EXERCISE GOAL | Write out exactly the lines of the entries below from the one holding "Đá Gà Cựa Tròn" to the one holding "Dartmoor Innis ofelia billede 4", inclusive, and leave out all other lines.

(RECORDED DATA)

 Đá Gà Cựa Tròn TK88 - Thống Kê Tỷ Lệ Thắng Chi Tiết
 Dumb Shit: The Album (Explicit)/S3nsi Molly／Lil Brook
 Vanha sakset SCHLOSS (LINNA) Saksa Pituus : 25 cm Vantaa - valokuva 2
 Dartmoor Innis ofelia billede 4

(End RECORDED DATA)
(RECORDED DATA)

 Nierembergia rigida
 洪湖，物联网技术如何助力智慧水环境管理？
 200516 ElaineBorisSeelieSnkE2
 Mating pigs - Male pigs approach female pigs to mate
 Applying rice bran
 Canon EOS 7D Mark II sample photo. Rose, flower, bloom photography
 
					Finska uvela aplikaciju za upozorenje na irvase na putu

(End RECORDED DATA)

ANSWER BOX |
 Đá Gà Cựa Tròn TK88 - Thống Kê Tỷ Lệ Thắng Chi Tiết
 Dumb Shit: The Album (Explicit)/S3nsi Molly／Lil Brook
 Vanha sakset SCHLOSS (LINNA) Saksa Pituus : 25 cm Vantaa - valokuva 2
 Dartmoor Innis ofelia billede 4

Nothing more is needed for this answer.